Robots and updated computer systems have been added to the technology building for Key-Stage 3 lessons. The school library (now known as the LRC: Learning Resource Centre) has been updated with similar computer systems and a new catalogue of books.

At the beginning of the 2009/2010 academic year, further improvements were made to the school canteen. The kitchens were replaced with a self-service bar, and a dance floor was installed, similar to that in the school hall.

===Student Parliament===
The school's Student Parliament also has developed a strong voice representing students within the school. They are a key part of the running of the school, and ensure that the voice of students is put across and heard, and this was something that was noted by Ofsted in the 2011 Inspection. The Student Parliament is led by a single male student in Year 11, supported by the Student Leadership Team, members of which were appointed by the previous Head Students, Assistant Headteacher, and the Headteacher in June 2012.

===Performing Arts===
The Performing Arts Faculty at Friern Barnet regularly produces outstanding whole school productions. Including 'Little Shop of Horrors' (February 2011), 'Grease' (December 2011), 'Oliver!' (December 2012), 'Hairspray' (December 2013) and the new production of 'Bugsy Malone' which was held in December 2014.
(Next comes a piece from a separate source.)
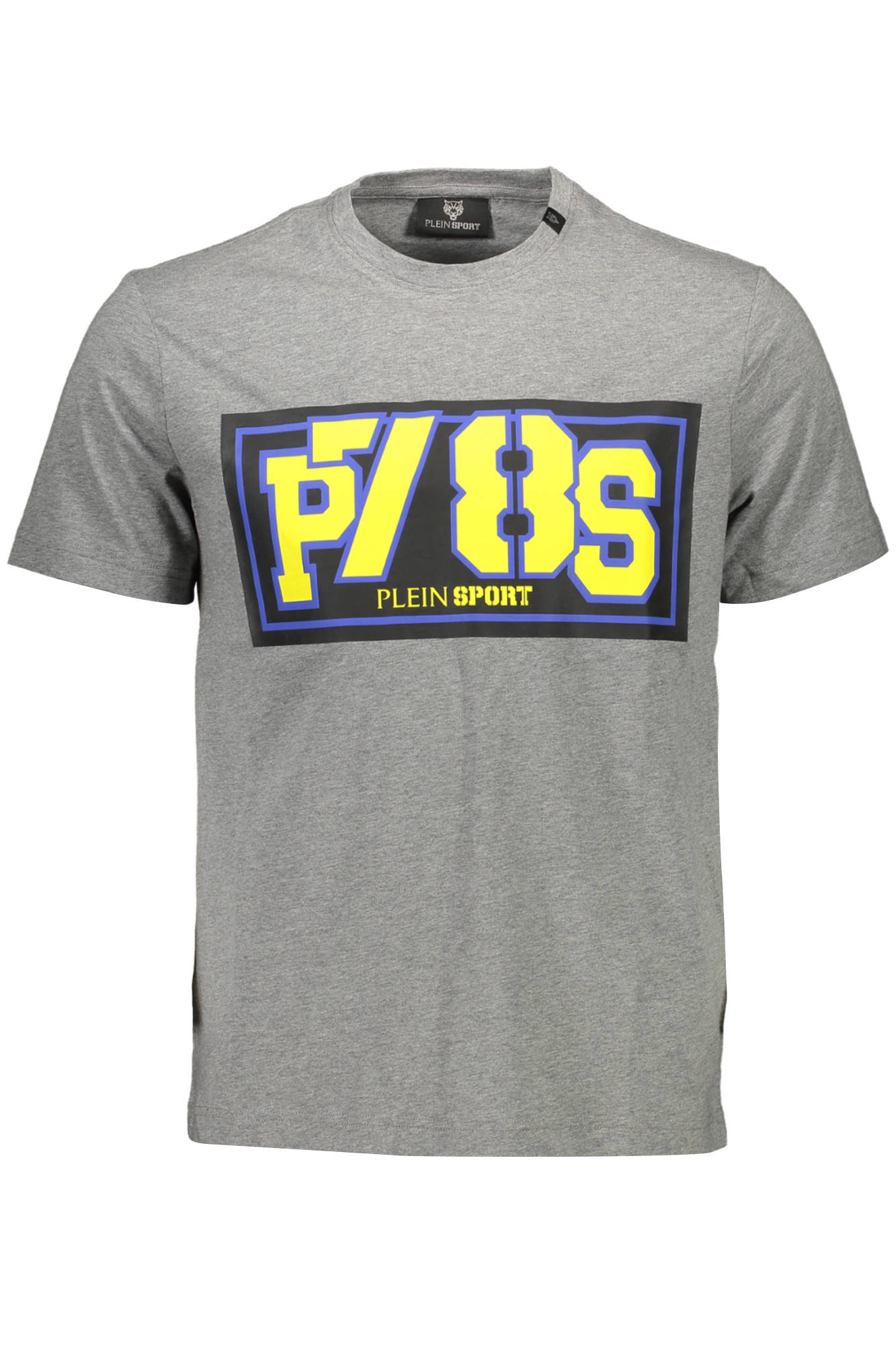 PLEIN SPORT T-SHIRT MANICHE CORTE UOMO - Grigio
The schools Glee Club entitled 'FBS FUSION' also won the Jack Petchy Glee Club challenge competition in November 2011. It involved schools across the country, with knock out stages and a Grand Final held at the Savoy Theatre in London.
The competition final was judged by TV Presenter Graham Norton and Actress Tamzin Outhwaite.

===Sixth form===
The school has a partnership with Woodhouse College which acts as the sixth form provision. The school also has links with Barnet College.